Review of Bolshoi Symphony Orchestra at Perth Festival of the Arts

AND the run of superlative performances during Perth Festival of the Arts continued.

On the classical side so far this year there has been, nothing so low on the scale as merely very good.

And Sunday added to this with the Bolshoi Symphony Orchestra under conductor Alan Buribayev at Perth Concert Hall.

The all Russian concert was unusual in construction and hugely applauded by a very full hall.

The first half was extracts from Tchaikovsky’s Eugene Onegin which started with a lyrically sensitive reading of the miniature tone poem.

As orchestra for the Bolshoi Opera, they had brought two of the principal singers as soloists.
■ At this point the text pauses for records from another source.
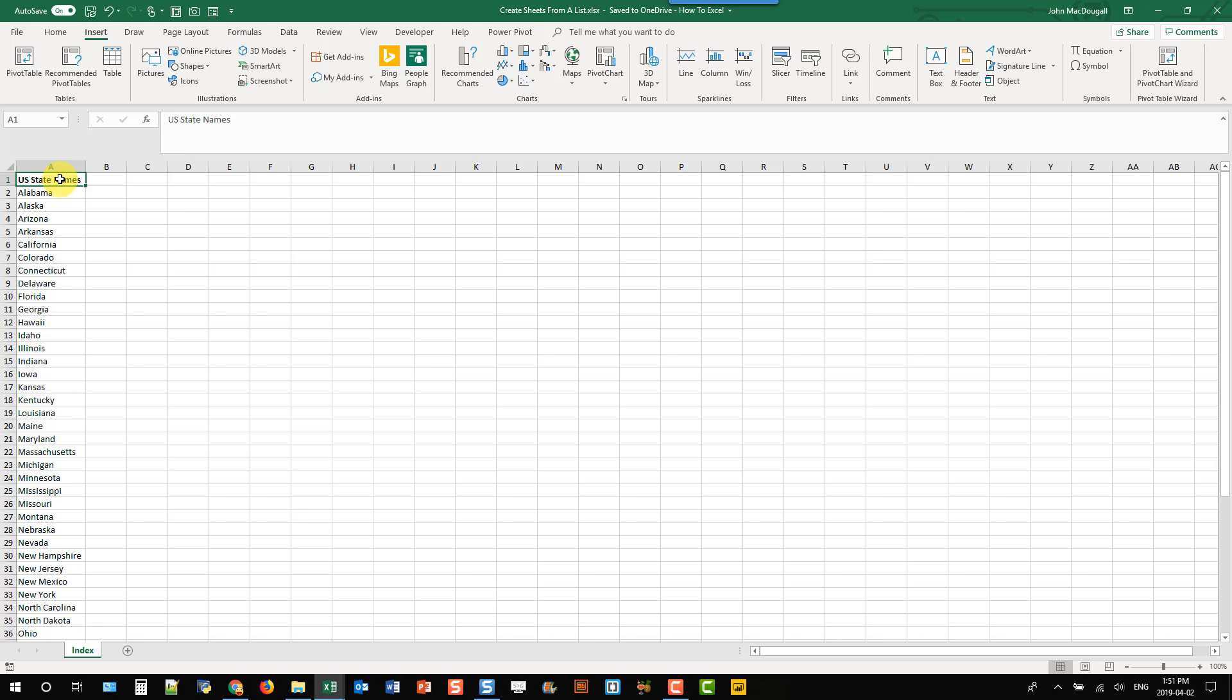Hey everybody, it's John here and in today's video we're going to take a look at how we can create sheets based on a list in Excel. So I've got a list here of all 50 states and what I want to do is create a sheet for each of these states and have the sheet name be the state.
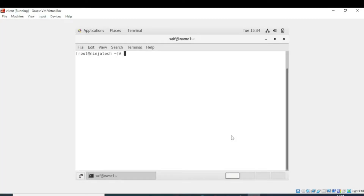In this video we will see how we can create a database using MySQL server. First of all, you should be in the root directory, so I am in the root directory. Now we need to install the MySQL 8 Community Server.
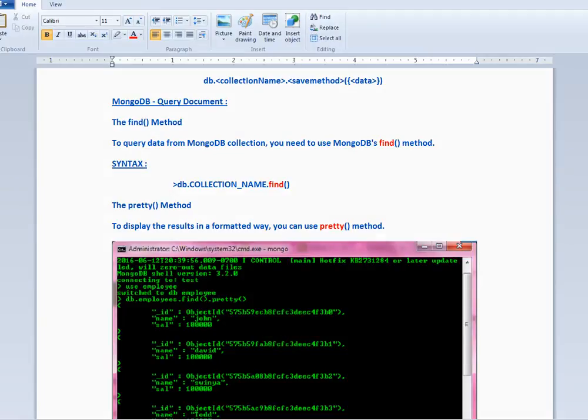Hi friends and welcome to a MongoDB tutorial. In this video I'm going to talk about how to query a document from the client.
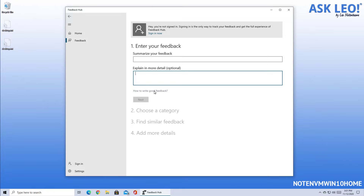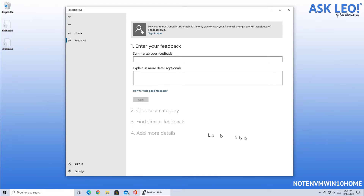How to write good feedback is a good primer on exactly what they're looking for. You'll have an opportunity to choose a category for this and you'll be able to find similar feedback. This search function will basically tell you if there are others who have already reported similar issues. At that point, you'll also have the opportunity to simply say, 'Yep, this is what I've been experiencing, I don't need to do anything more.' On the other hand, if what you're experiencing is unique or the similar feedback doesn't include the information you really think is important, you'll have the opportunity to add more details.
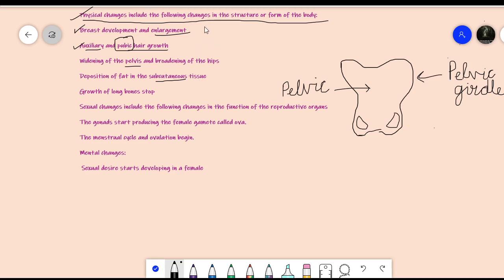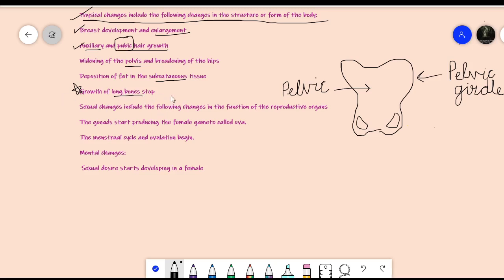Another physical change is deposition of fat under the skin — subcutaneous fat — during the puberty period in females. The fifth physical change is that growth of long bones stops. This is why a girl's height does not increase after attaining puberty. The long bones are the bones of the legs and arms — known as femur and humerus respectively, along with radius, ulna, and others. When growth of the long bones stops, height stops increasing.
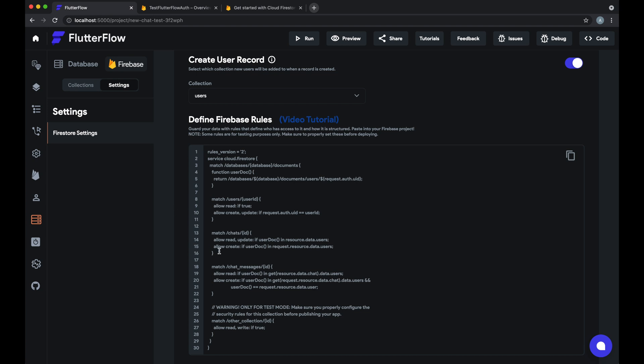Similarly we have some more advanced rules for chats and chat messages that make sure that a user can only view the chat messages in a chat that they're in and can only edit a chat that they are in.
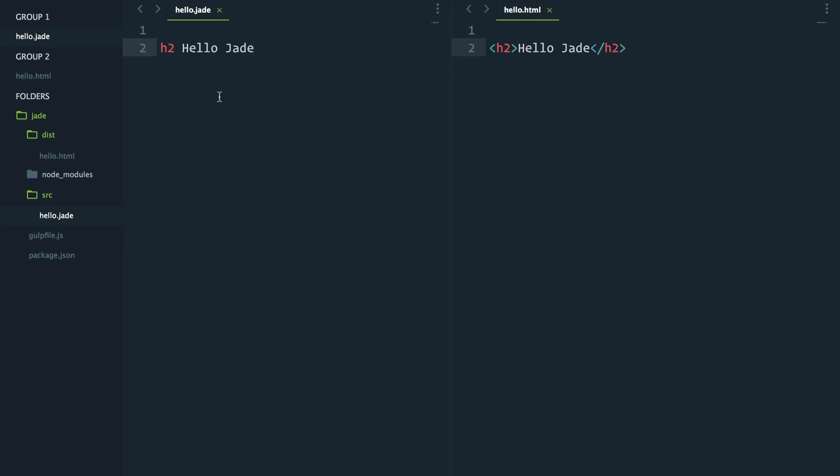So here I have a split panel with the Jade file on the left and the HTML file on the right. Now if I add some text and press save... wait, what? Nothing happened.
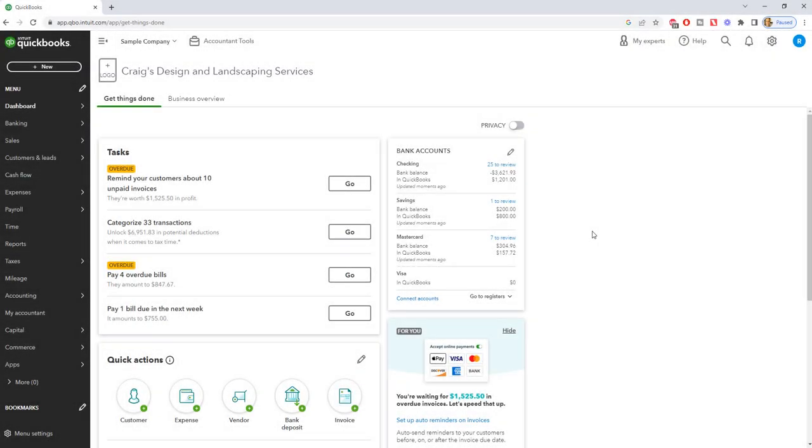QuickBooks Online: how to change beginning balance. Hey everyone, this is Matt Holquist with QuickBooks University.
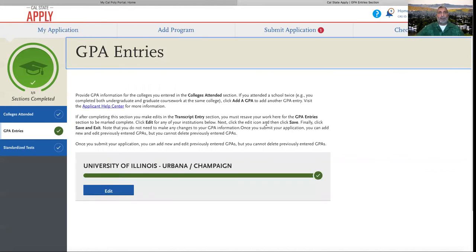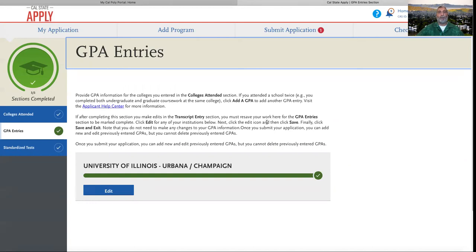Congratulations on entering your GPA in the Academic History section and being able to move forward with your graduate application on Cal State Apply. Thank you for watching and feel free to contact our office with any further questions. We wish you the best of luck.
Soprano Maria Pakhar joined in its best-known part: Tatyana’s Letter Scene, and the 12 minutes or so of this piece were an unqualified delight. Setting a flowing pace conductor Alan Buribayev brought out orchestral colour with fine solos for oboe and horn. Yet it was necessarily Pakhar who was most impressive. With immense reserves of wonderful tone she sang with a freedom of emotion, capable, too, of the softest, finely floated line.

The third piece brought baritone Andrei Breus as Onegin to the scene when the over-sophisticated city dweller tells the naïve Tatyana in a kindly but dismissive way that this is a silly young crush.

Breus was generous and smooth of voice and brought a degree of acting to his performance.

On their own the orchestra brought tremendous verve to the Polonaise with strongly rhythmic power and strings of silky quality. For the final duet the tables were turned with Tatyana now happily married and Onegin realizing what he has lost. The identification of the singers with their rôles was absolute, their acting through the voice was superb.

Ten excerpts from Prokofiev’s Ballet Cinderella formed the second half.

The Introduction showed Prokofiev played passionately, again with great depth of string tone.

Bright colours and a fearless trumpet vividly brought out the humour and delight in the grotesque for the two Ugly Sisters’ dance.

The third piece showed the phenomenal articulation of the strings at speed as did the later Galop. A sumptuous, fateful, modern sounding Waltz lead into the clangorous and frightening sounding of midnight played with drama by this excellent combination of orchestra and conductor.

To resounding applause the orchestra gave two encores: the Pas de deux from Tchaikovsky’s Nutcracker, with great cello tone and emotional heat, followed by absolutely fearless playing of the colourful Lezghinka from Khachaturian’s ballet Gayaneh.